Fransiskus Paokuma (21), mahasiswa lain, dari Desa Roho, Kecamatan Buyasuri, Kabupaten Lembata, mengatakan, saat ini sangat sulit mencari kerja, apalagi pegawai negeri. Lowonganterbatas, sedangkan pencari kerja membeludak. Banyak lulusan sarjana menunggu menjadi ASN. Itu sangat mustahil. Sebagian memilih menjadi pekerja migran di luar negeri atau di provinsi lain.
Fransiskus juga ingin belajar menjadi petani yang sukses. Bukan lagi sistem tebas, bakar, dan tanam seperti dipraktikkan dalam keluarganya selama bertahun-tahun.
Ia ingin memanfaatkan lahannya seoptimal mungkin. Di dalamnya ada tanaman hortikultura, ternak sapi, babi, ayam, sumur bor, tempat rekreasi, rumah penginapan, kolam mancing, dan sekaligus rumah tinggal.
Baca juga: Budidaya Tanaman Hortikultura, Andalan Petani Kupang
Ia bertekad mengusahakan lahan tersebut. ”Paling penting semangat juang dan bekerja serius,” kata Fransiskus optimistis.
Dosen pendamping mahasiswa praktik dari Politani Kupang, Bernadete Barek Koten (53) mengatakan, para mahasiswa itu memiliki lahan pertanian dan peternakan di Kampus Politani.

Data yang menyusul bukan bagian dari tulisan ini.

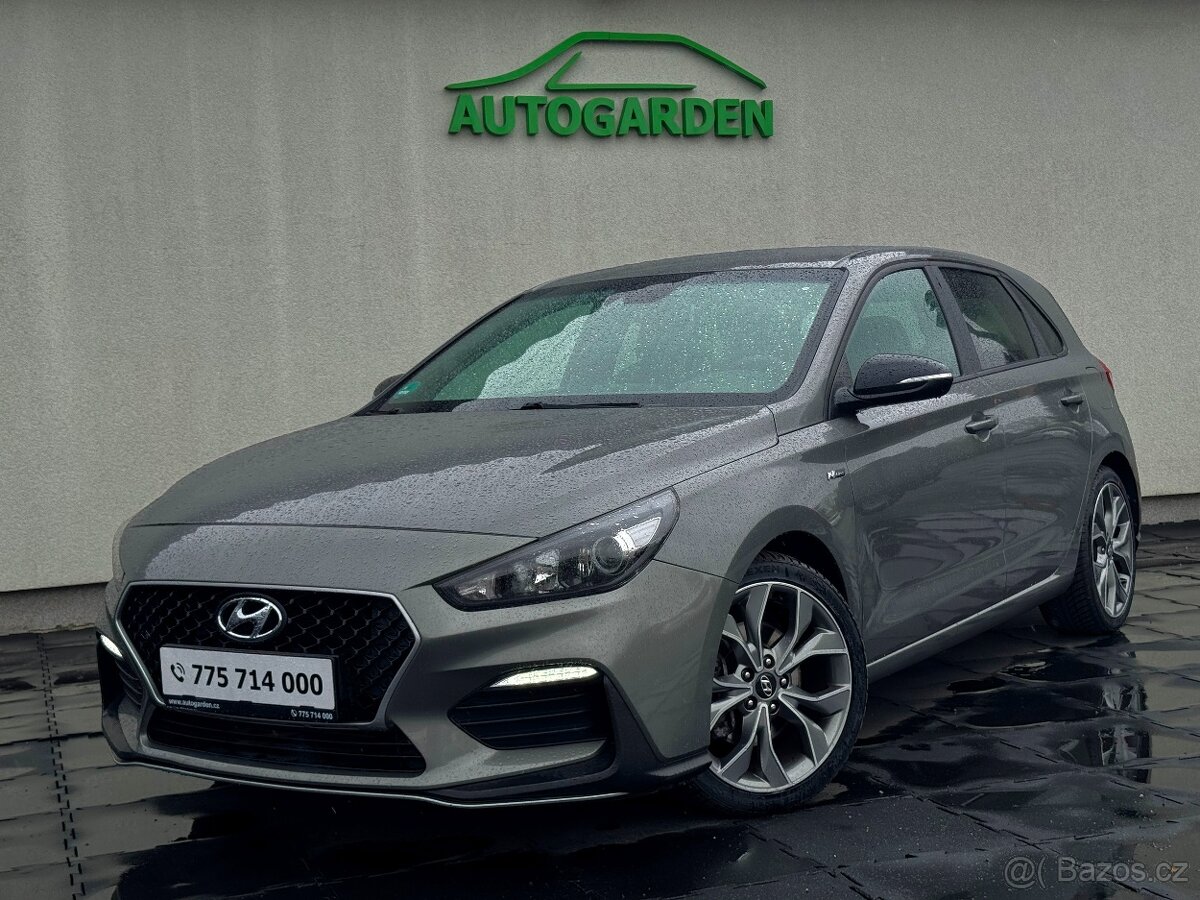 Hyundai i30 N 1.4 T-GDi 103kW N Line, manuál, nová STK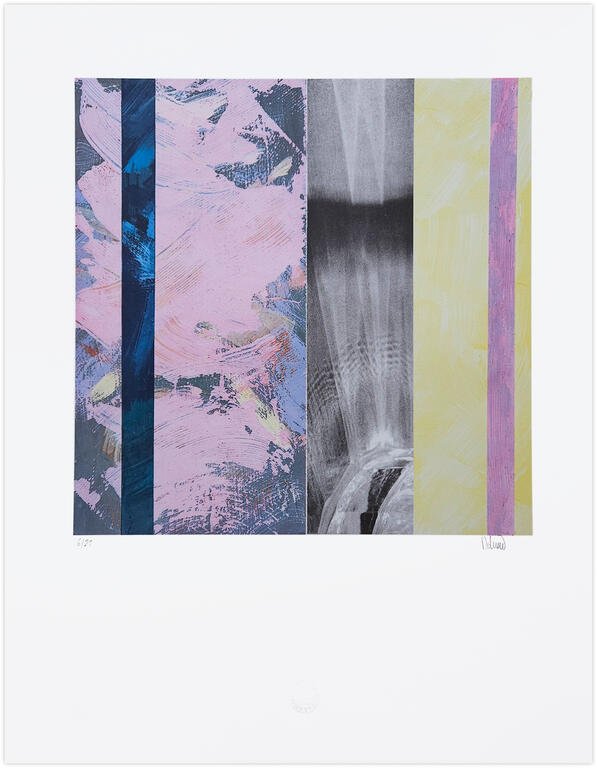 Catalogue raisonné, Bernadette Delrieu, Quatre Saisons n°01 - 1990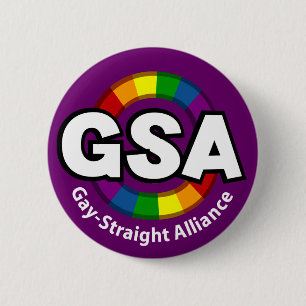 GSA ToonA Round Dark Button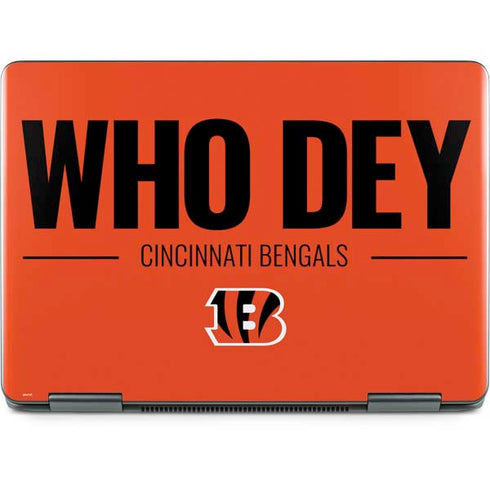 NFL Cincinnati Bengals Team Motto Notebook 9 Pro 13in (2017) Skin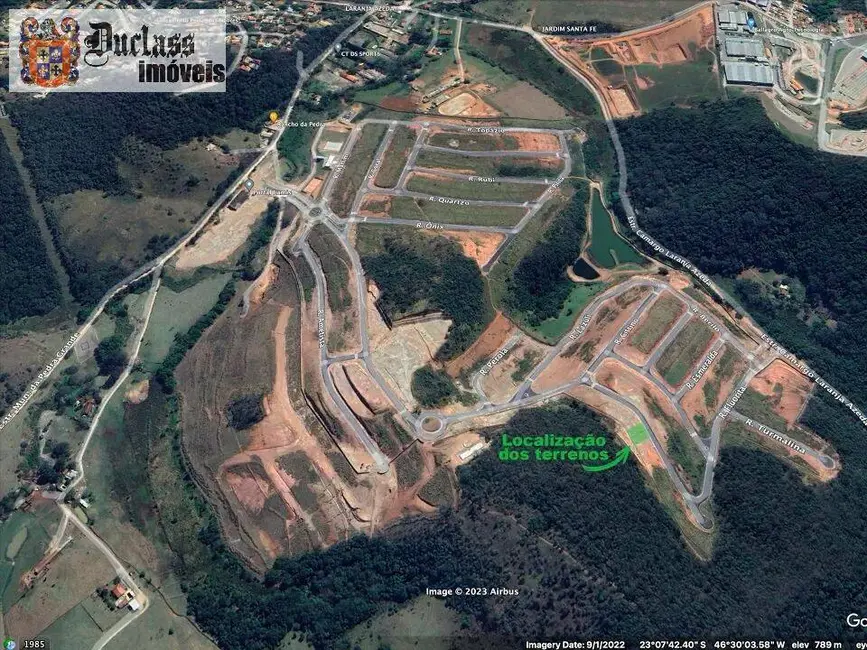Foto 3 de Terreno / Lote à venda, 300m2 em Laranja Azeda, Atibaia - SP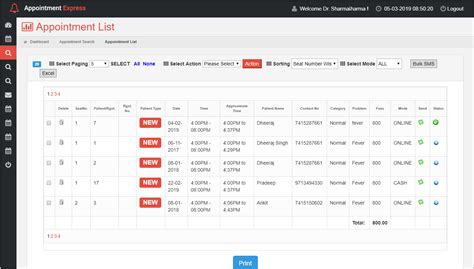 Doctor Appointment Booking and Scheduling Software Source Code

Tetapi mereka ingin mendapatkan pengalaman langsung dari petani lahan kering yang sukses.
Baca juga: Daniel Aluman dan Kisah Sukses Petani Terintegrasi di Kupang
Sebagian besar lahan di NTT masuk kategori lahan kering dengan kondisi curah hujan yang sangat terbatas. Sampai tahun 1990-an, petani masih betah menanam padi gogo meski sering gagal. Tetapi setelah beras dari luar membanjiri semua pasar tradisional, kebiasaan menanam padi di lahan kering pun menurun. Apalagi curah hujan juga tidak mendukung.
Petani memilih beli beras di pasar setelah bekerja di proyek pemerintah, mengolah hasil perkebunan, atau menjadi pekerja migran di luar negeri atau antara provinsi. Beras bisa dibeli di pasar asal ada uang.
Kini, sejumlah petani berusia di bawah 50 tahun memilih terlibat budidaya hortikultura dan beternak. Juga petani milenial lebih pilih menjadi petani hortikultura sambil beternak ketimbang menanam padi. Budidaya padi terus merosot karena kekeringan dan gagal panen.
Baca juga: Kegigihan Petani di Lahan Kering NTT
Dampaknya kebutuhan beras bagi masyarakat NTT harus didatangkan dari luar. Meski harga beras mahal dan langka, tetap dibeli karena anak-anak generasi saat ini hanya bisa konsumsi beras ketimbang jenis pangan lain.